**Task prompt**
Exactly the lines from the one holding "BMW 750I image 5" through the last line of the listing below must appear in the answer, and no pictures.

*** Begin section ***

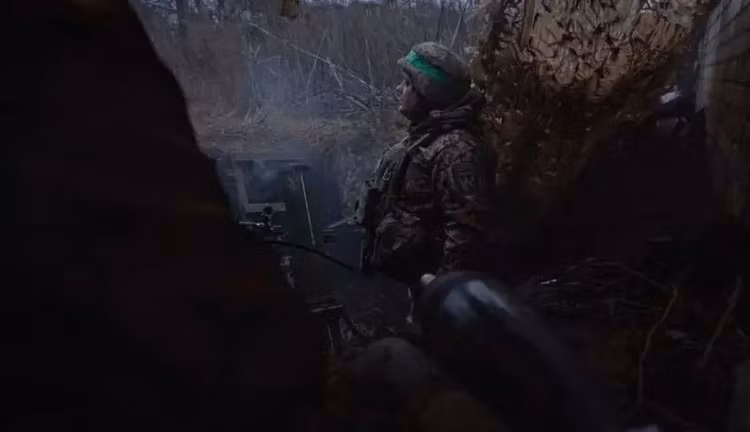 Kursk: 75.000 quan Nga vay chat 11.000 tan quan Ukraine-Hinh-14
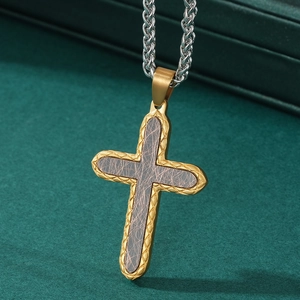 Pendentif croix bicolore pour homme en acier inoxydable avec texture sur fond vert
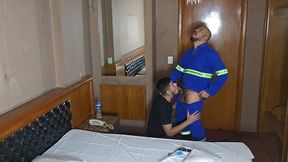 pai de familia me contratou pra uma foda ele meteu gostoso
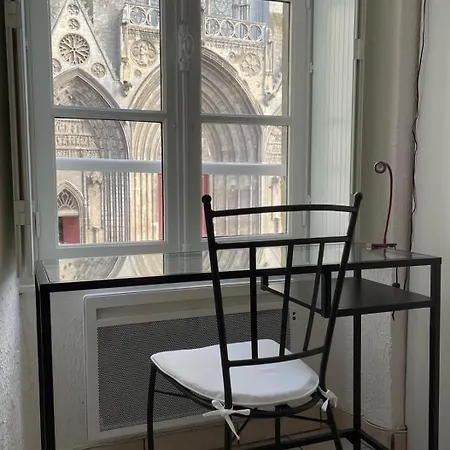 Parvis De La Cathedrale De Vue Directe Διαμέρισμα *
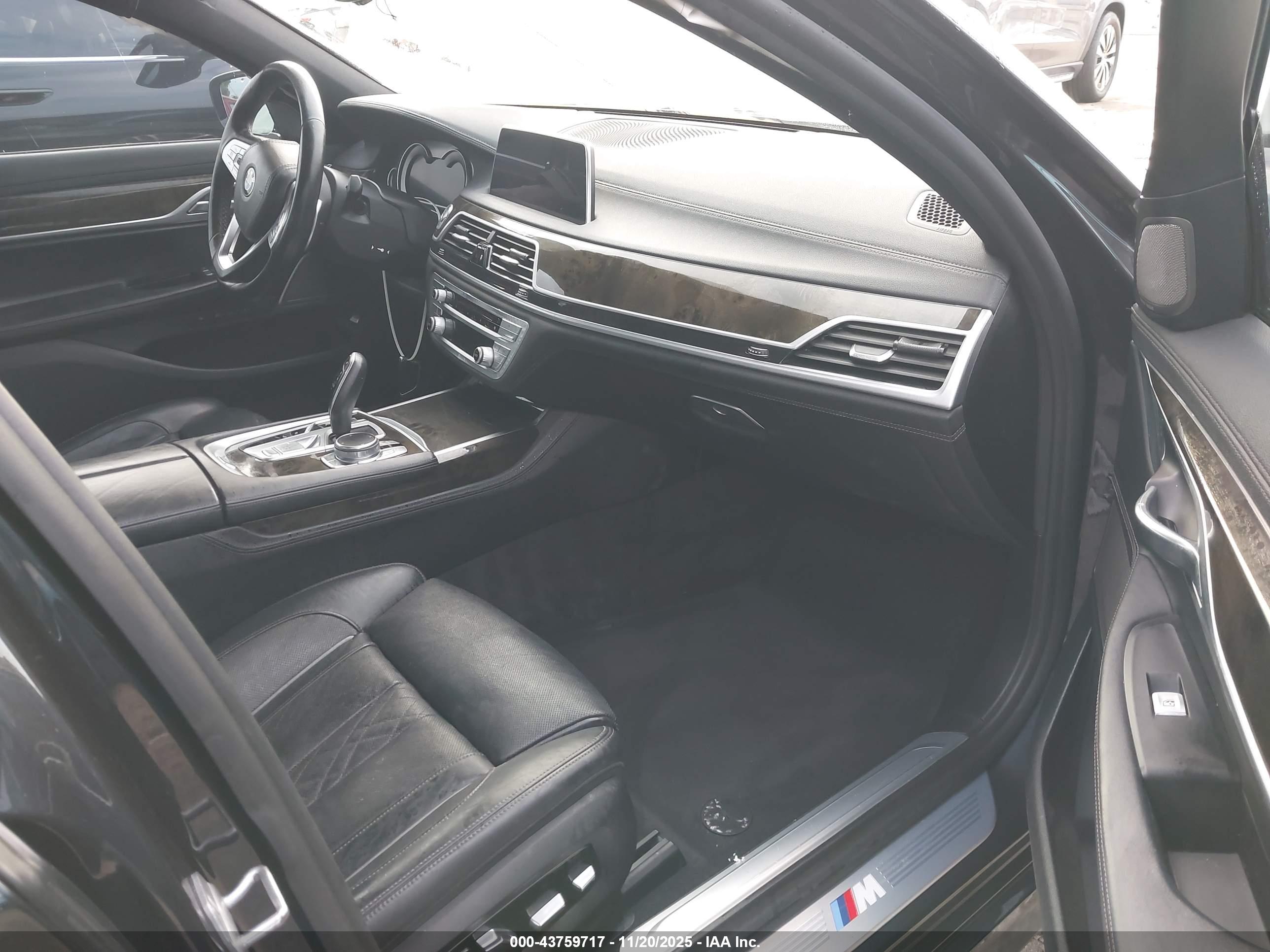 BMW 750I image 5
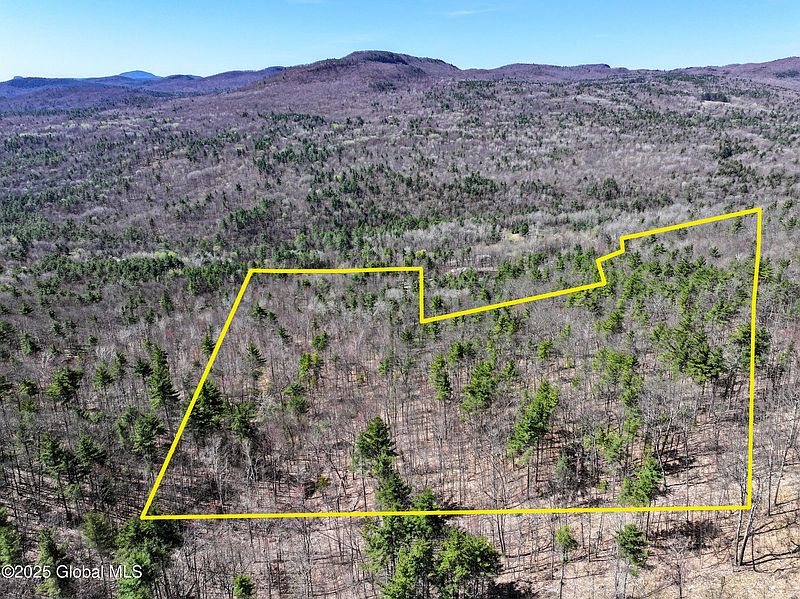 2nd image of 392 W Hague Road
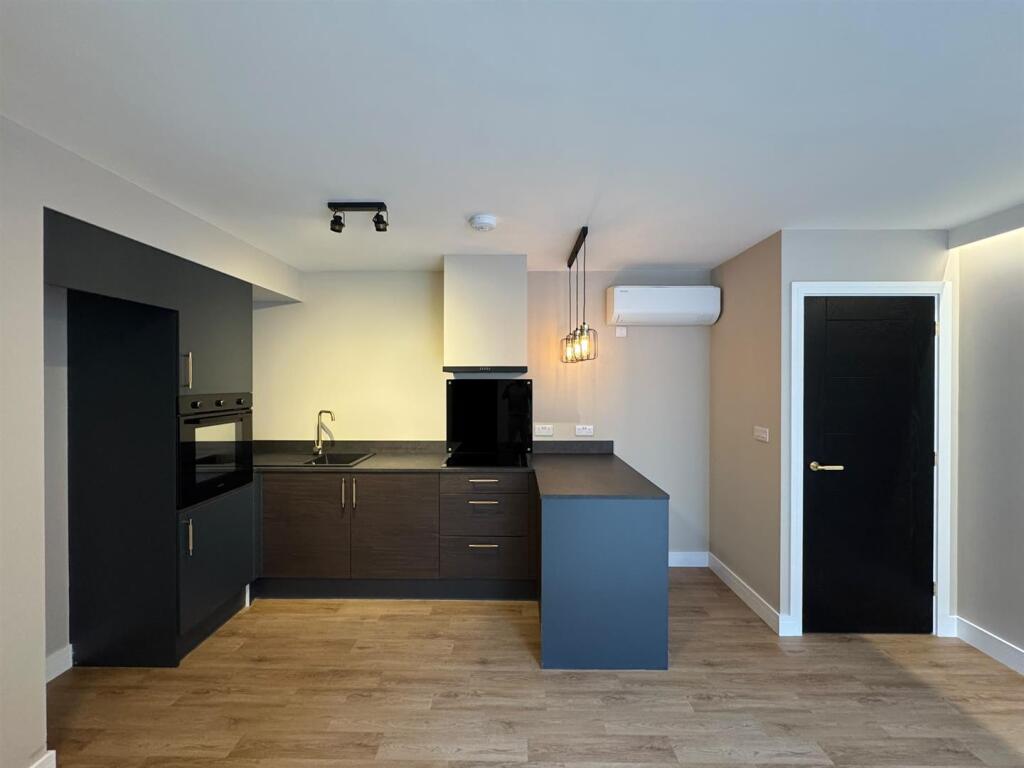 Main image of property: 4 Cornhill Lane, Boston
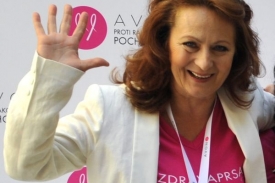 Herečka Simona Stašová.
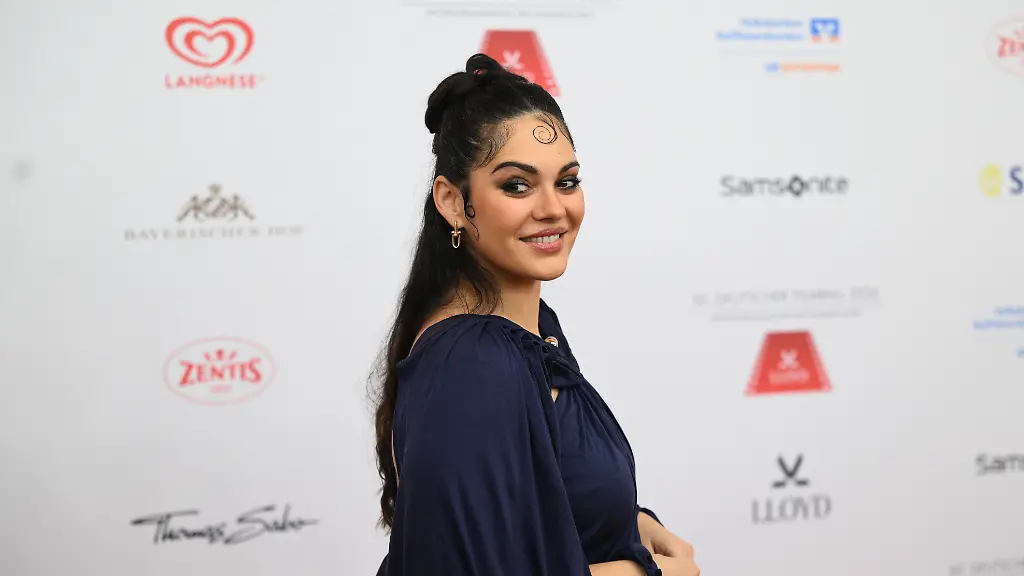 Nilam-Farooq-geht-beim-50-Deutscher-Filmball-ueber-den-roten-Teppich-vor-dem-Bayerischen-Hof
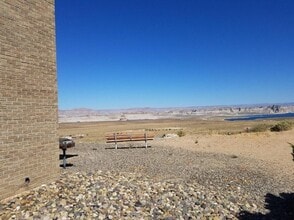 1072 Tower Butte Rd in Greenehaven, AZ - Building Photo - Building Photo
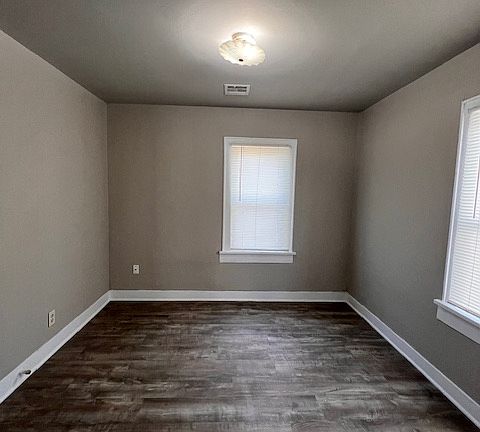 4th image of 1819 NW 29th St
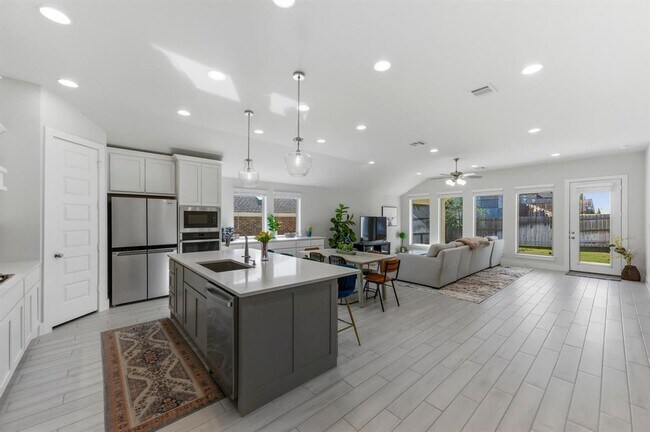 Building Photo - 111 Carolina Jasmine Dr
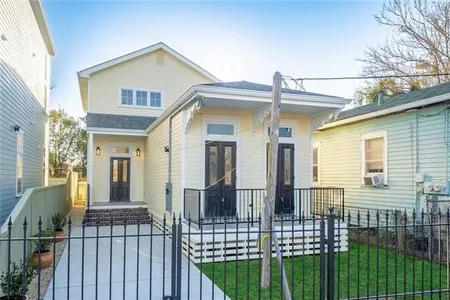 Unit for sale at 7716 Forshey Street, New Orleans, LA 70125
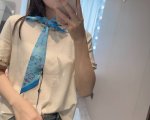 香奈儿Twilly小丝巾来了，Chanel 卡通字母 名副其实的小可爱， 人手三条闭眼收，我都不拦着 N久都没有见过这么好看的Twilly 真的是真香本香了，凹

*** End section ***

**Result of this exercise**
 BMW 750I image 5
 2nd image of 392 W Hague Road
 Main image of property: 4 Cornhill Lane, Boston
 Herečka Simona Stašová.
 Nilam-Farooq-geht-beim-50-Deutscher-Filmball-ueber-den-roten-Teppich-vor-dem-Bayerischen-Hof
 1072 Tower Butte Rd in Greenehaven, AZ - Building Photo - Building Photo
 4th image of 1819 NW 29th St
 Building Photo - 111 Carolina Jasmine Dr
 Unit for sale at 7716 Forshey Street, New Orleans, LA 70125
 香奈儿Twilly小丝巾来了，Chanel 卡通字母 名副其实的小可爱， 人手三条闭眼收，我都不拦着 N久都没有见过这么好看的Twilly 真的是真香本香了，凹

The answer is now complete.